Dataset excerpt -
□ □ □ □ □ □ □
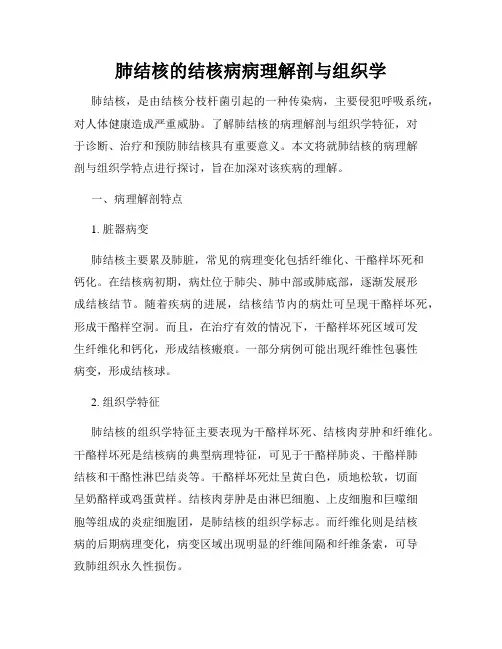 肺结核的结核病病理解剖与组织学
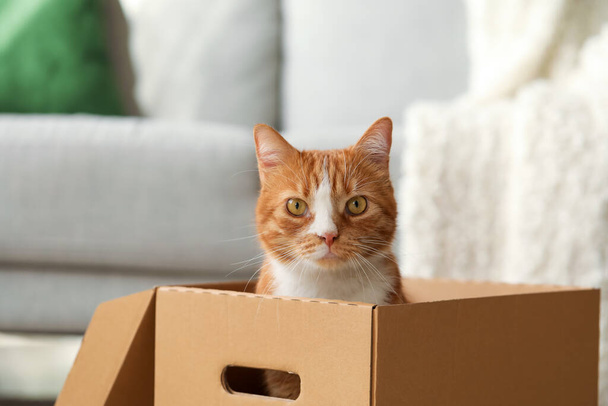 Funny cat in cardboard box at home, closeup - Fotó, kép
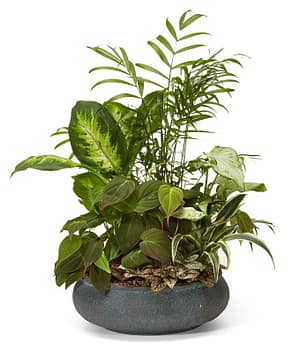 Premium Dish Garden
□ □ □ □ □ □ □
What is expected - Reproduce the data above exactly, leaving out any picture in it.

Solved exercise -
 肺结核的结核病病理解剖与组织学
 Funny cat in cardboard box at home, closeup - Fotó, kép
 Premium Dish Garden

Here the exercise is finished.